Некоторые дворцы на континенте, напротив, пережили этот удар. Меньшие по размерам, построенные по более привычному плану, они, кажется, были использованы вождями завоевателей, превратившими их в свои резиденции. Но, разумеется, уцелели только стены, а весь обиход жизни должен был измениться. Впрочем, в самые последние годы микенской истории во всей микенской культуре замечается быстрый регресс, очевидно, под влиянием наплыва менее культурных элементов, смешивавшихся с населением микенских царств. Между этой регрессирующей микенской культурой и культурой архаической Эллады пропасть оказывается уже гораздо менее глубокой. Если для Крита завоевание конца XIII в. было смертельным ударом, то для континентальной Греции то был более или менее постепенный переход от одних форм жизни к новым. Там Эллада явилась естественной наследницей эгейцев. И дальнейшие известия об эгейцах приходится искать уже в смутных воспоминаниях эллинов об их "седой старине".
Хотя и в неопределенных очертаниях, эллины все же сохранили память о героической эпохе своего завоевательного движения на Эгейю. Так греки помнили, что древнейшее население их страны было не эллинское, называя, как автохтонов, на материке -- пеласгов, на островах -- каров. Помнили греки о былом величии Микен, Тиринфа и Орхомена. Замок Тиринфа Павсаний считал постройкой ликийских киклопов; "Львиные ворота", уцелевшие в Микенах, также почитались работой киклопов. Купольные могилы Микен и Орхомена (что ныне называются "сокровищницей Атреев" и "Минин") тот же Павсаний признавал чудом света. Платон сохранил рассказы об эгейском городе в Аттике, на месте будущих Афин. Платон же называет легендарного критского Миноса (по мифу, -- брат Радаманта, оба -- сыновья Зевса и Европы) -- "праведнейшим" и "самым царственным" среди царей, причем знает о могуществе Миноса на море, т.е. о морской державе Крита.

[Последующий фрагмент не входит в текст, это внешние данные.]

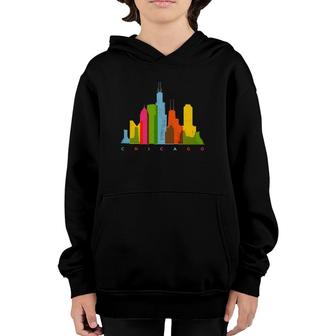Chicago Skyline Illinois Colorful Retro Vintage Chicago Youth Hoodie | Mazezy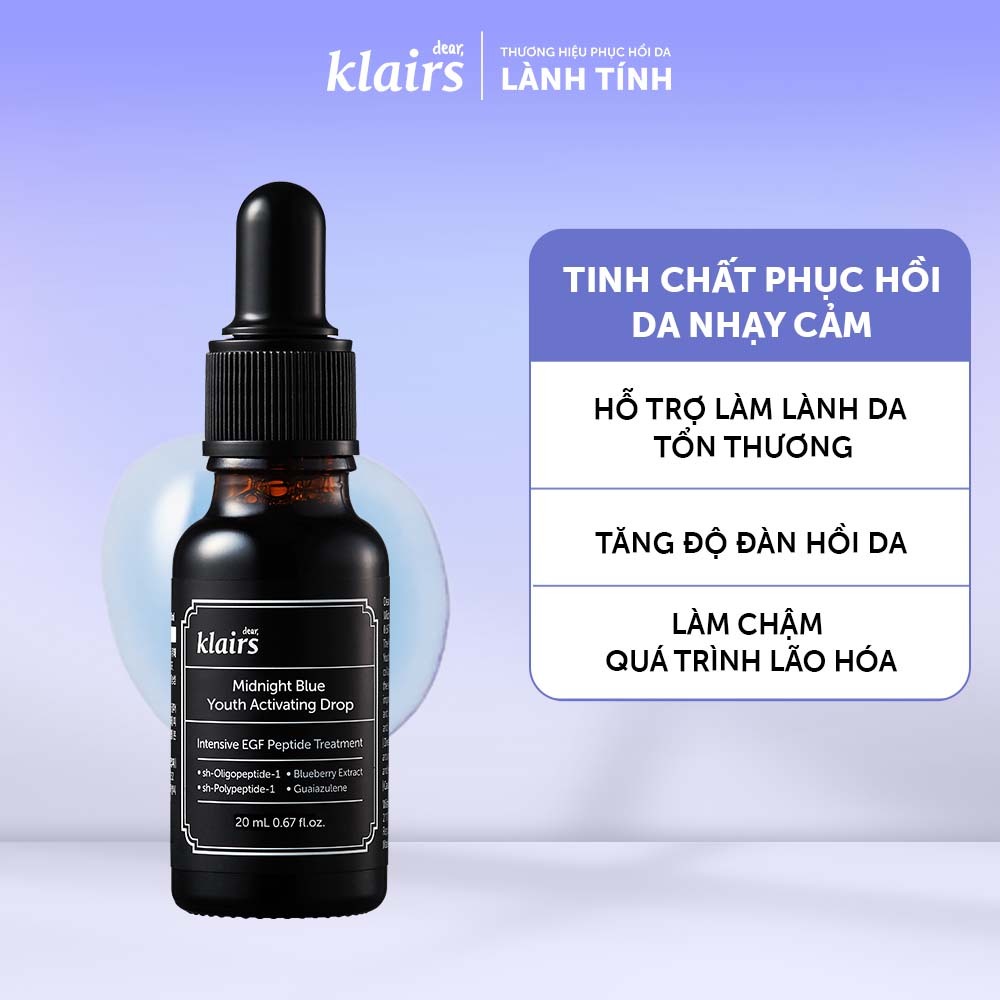 Ảnh Tinh chất dưỡng da Dear Klairs Midnight Blue Youth Activating Drop 20ml ( date 06/2026 ) 1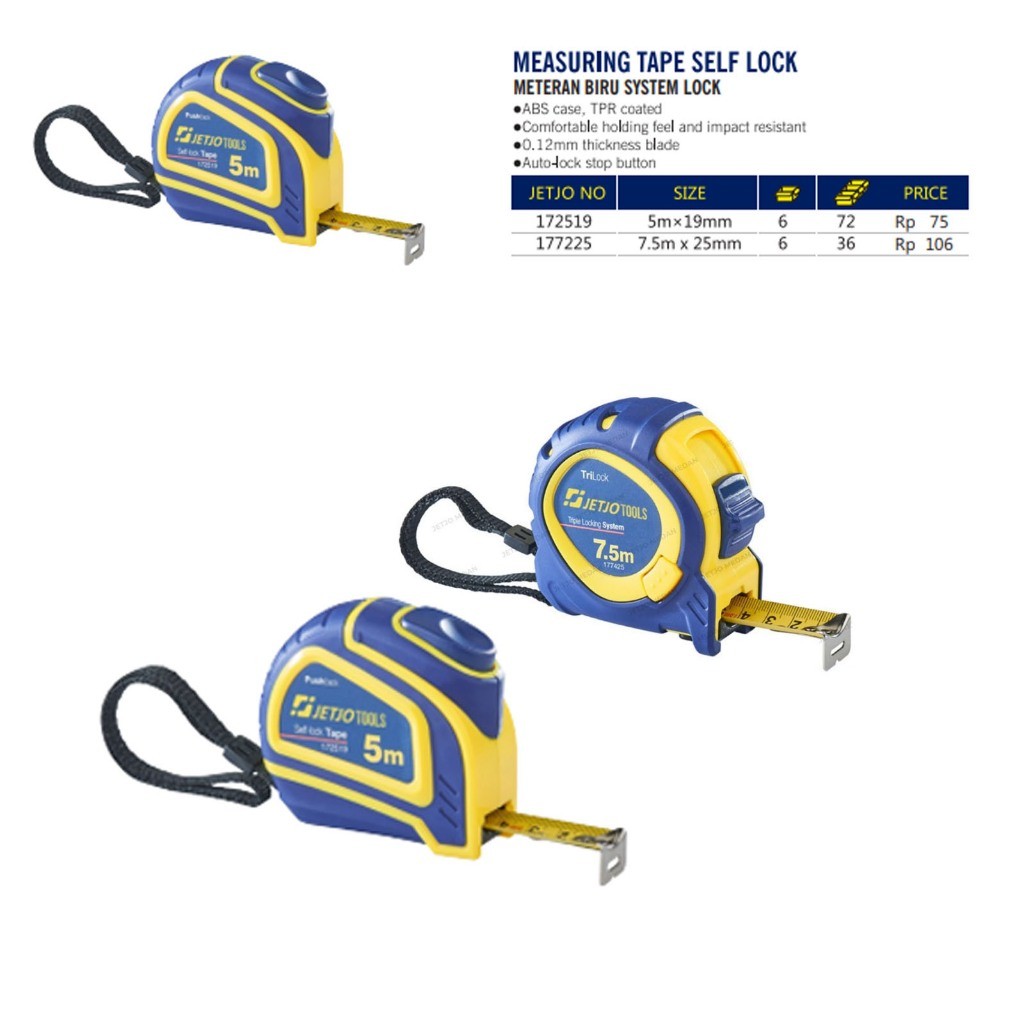 Lakoni Meter Self Lock Meter auto Key 7.5m และ 5 เมตร / Self Lock 7.5 ม. 5 เมตร JETJO TOOLS / LAKONI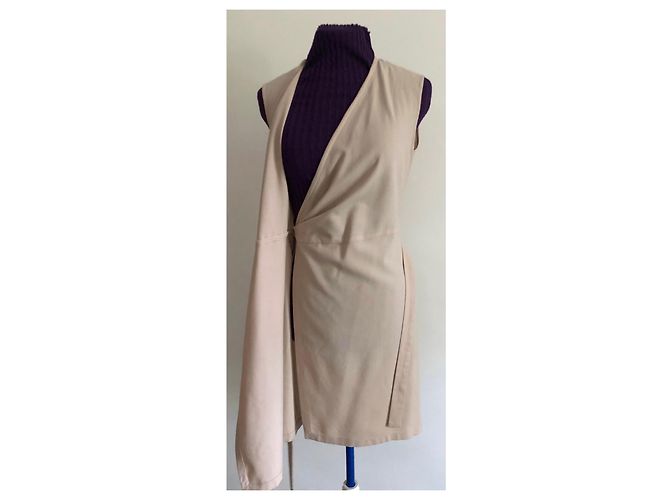 Kenzo Beige ärmelloses Wickelkleid Größe 36-38 - Ansicht 13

Эллинские мифы, под поэтической формой, также таят зерна исторической истины. Согласно с преданием, с Крита перешли в Элладу многие культы: Зевса, Хроноса и Реи -- в Олимпию; Деметры -- в Элевсин; Эпименида -- в Афины; Аполлона -- в Дельфы. Основатель Микен, Персей, по мифу, явился с островов. Греки рассказывали, что их музыка (орхестрика) также пришла к ним с Крита. Особенно много сохранилось воспоминаний в мифе о Минотавре и связанных с ним мифах о Дедале, Пасифае, Тесее, Эгее, Ариадне и др. Злой, свирепый, несправедливый тиран критский Минос, в мифе, -- олицетворение Крита, господствовавшего над Грецией; Минотавр, полубык -- воспоминание о религиозных культах Эгейи; поездка Тесея к Миносу, давшая содержание оде Бакхилида, -- символическое изображение исторического факта: освобождения Аттики от вассальных отношений к Криту, и т. п.*
______________________
* Ряд таких сопоставлений у Б. Фармаковского.
Но, конечно, наиболее ярким рассказом остаются сказания о Троянской войне и связанные с ними. Трагики, черпая из них сюжеты своих драм, всего охотнее переносили место действия в Микены, которые представлялись озаренными особым величием и блеском. Недаром постоянным эпитетом Микен было -- "золотые". В народном представлении Микены, времен Агамемнона, пастыря народов, были средоточием роскоши и богатства, уже недоступных позднейшей Элладе, стране "бедной", по признанию самих эллинов. В таком же освещении представлены древние царства и у Гомера. Троя и дворец Приама изображены как недосягаемый образец пышности. В противоречии с другими мифами и с прямыми утверждениями отдельных стихов, дающих Трое очень небольшую древность, поэмы Гомера постоянно говорят о троянском царстве, как об чем-то уже дряхлом, связанном с глубиной веков и, как пророчество о бренности всего земного, даже того, что кажется предназначенным для бесконечной жизни, звучат слова Гектора:
- Будет некогда день и погибнет высокая Троя...
Троянская война -- последний эпизод из долгой борьбы эллинских племен с эгейским миром. Троянское царство было последним оплотом погибающей Эгейи. В Трое еще догорали светлые лучи эгейской культуры, когда они уже погасли и на Крите, и в древних замках Микен и Тиринфа. Полчища Агамемнона, на утлых ладьях пересекшие воды Архипелага, яростно стремились сломить последнюю твердыню векового, наследственного врага. Эллинам необходимо было до конца истребить древнюю цивилизацию эгейцев, чтобы расчистить место для своего национального творчества. Что эгейская жизнь замерла не сразу, доказывается приглашением эгейских мастеров к египетскому двору еще в XI веке; Троя оставалась, как постоянная угроза, как живое средоточие, вокруг которого могли вновь объединиться побежденные микенцы. Эллины (может быть, бессознательно) чувствовали это и напрягли все силы своего народа, чтобы сокрушить царство Приама. Таков исторический смысл похода Агамемнона, объединившего почти все эллинские племена для общегреческого дела. Вероятно, известие о десяти годах осады -- мифично, но борьба должна была длиться долго и быть ожесточенной, так как троянцы не могли надеяться на милость победителей. Быть может, есть доля исторической истины и в преданиях о помощи, которую троянцы получали от других народов. В странах, издревле связанных с эгейским миром разнообразнейшими отношениями, частью принявших эгейскую культуру, должны были смотреть на оборону Трои, как на дело не вполне чужое. Эллины, недавние пришлецы, вторгшиеся в земли древней культуры, должны были казаться опасными завоевателями всем членам "древне-восточной" семьи народов. Даже в отдаленном Египте, политики и жрецы, в тиши тысячелетних храмов и в пышности новых дворцов, следили, вероятно, с тревогой за успехами молодого народа, уничтожившего дружественные эгейские царства. И не звучит ли отголосок этой тревоги в предании об том, что Елена, похищенная Парисом, была укрыта в Египте?